- **Task to complete**: Would you print the lines below exactly, beginning at the line that has "Here's the 2012" and stopping after the line that has "On Friday for"? Only those lines, and no pictures.

..............................

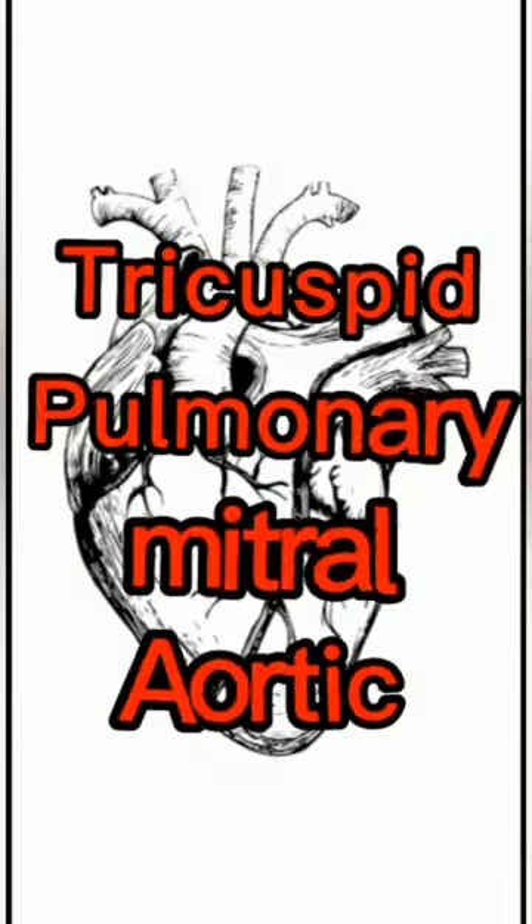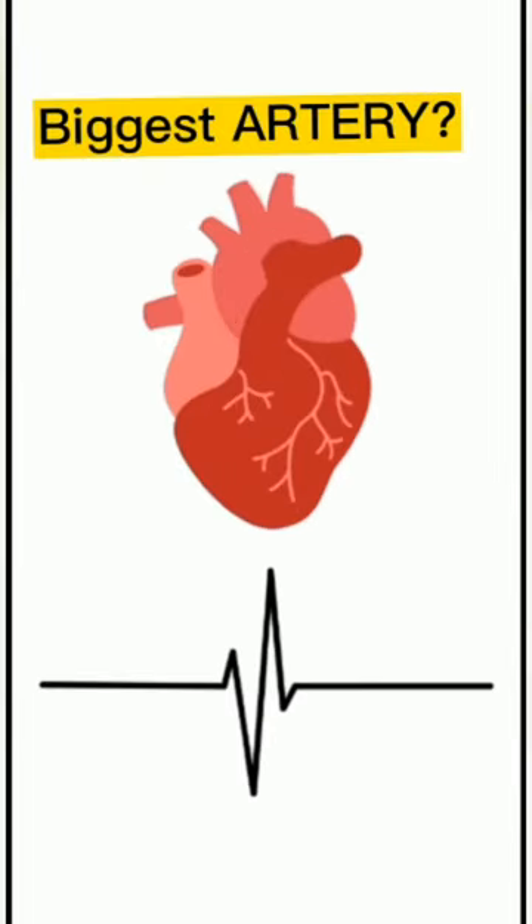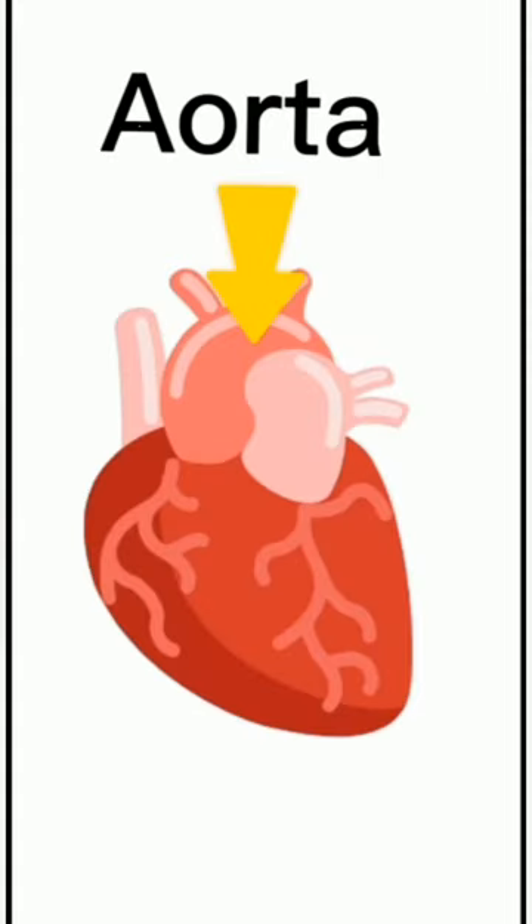There are four valves, which include the tricuspid, pulmonary, mitral, and aortic valve. If we talk about the biggest artery in the body and in the heart, it is the aorta.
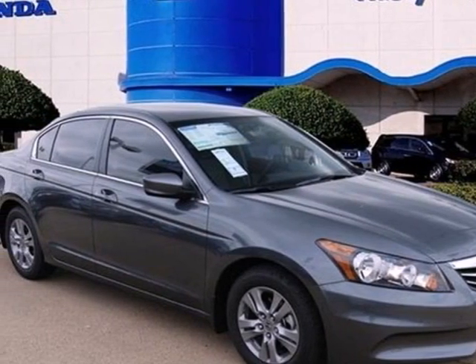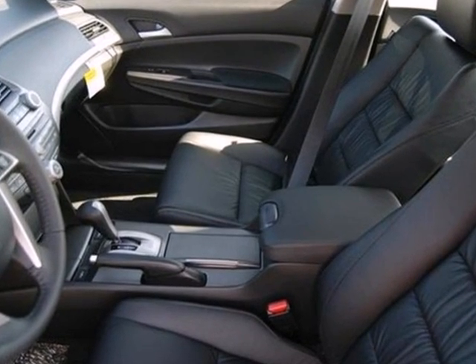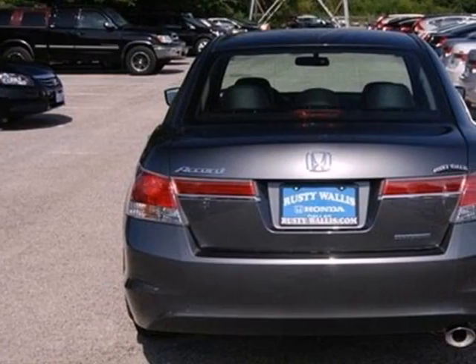Here's the 2012 Honda Accord Sedan. This Sedan strikes a brilliant balance of performance, value and efficiency into a stylish head turning package.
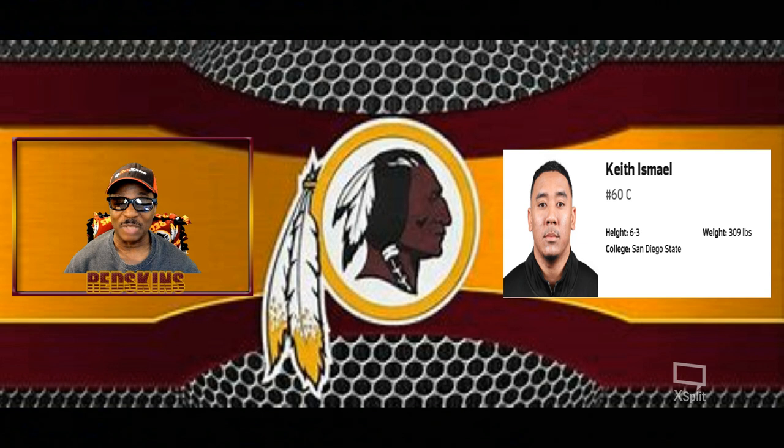He is a center. His name is Keith Ismail from San Diego State — 6'3", 309 pounds. He was first-team all-conference as a redshirt sophomore, and he's versatile because he's capable of playing all three interior offensive line positions.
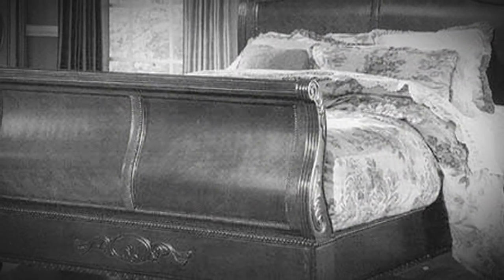The Mackenzie Collection features a sleigh bed, a double-wide dresser, a single dresser, and a bedside table. We've updated the traditional sleigh bed design, which dates back to the Empire style of the early 1800s.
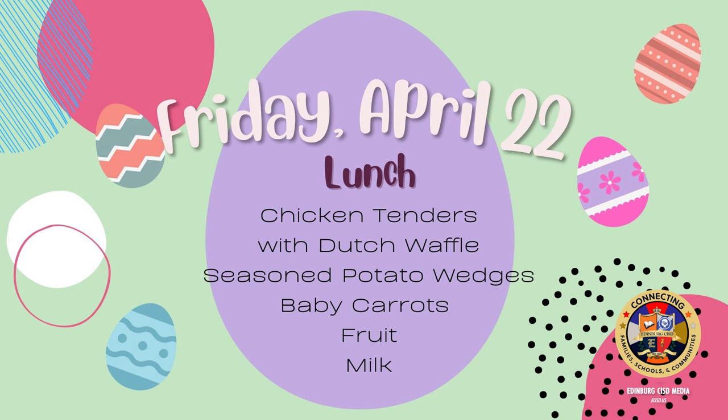On Friday for lunch: chicken tenders with dutch waffle, seasoned potato wedges, baby carrots, fruit, and milk.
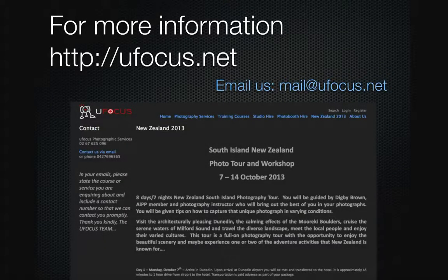For more information, jump on the web and go to ufocus.net. Once on our webpage go to New Zealand 2013 and you'll find more details about the trip. Any questions, email us at mail@ufocus.net, and remember there's only six positions on this tour so book early to avoid disappointment.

..............................

- **Solution to this exercise**:
Here's the 2012 Honda Accord Sedan. This Sedan strikes a brilliant balance of performance, value and efficiency into a stylish head turning package.
He is a center. His name is Keith Ismail from San Diego State — 6'3", 309 pounds. He was first-team all-conference as a redshirt sophomore, and he's versatile because he's capable of playing all three interior offensive line positions.
The Mackenzie Collection features a sleigh bed, a double-wide dresser, a single dresser, and a bedside table. We've updated the traditional sleigh bed design, which dates back to the Empire style of the early 1800s.
On Friday for lunch: chicken tenders with dutch waffle, seasoned potato wedges, baby carrots, fruit, and milk.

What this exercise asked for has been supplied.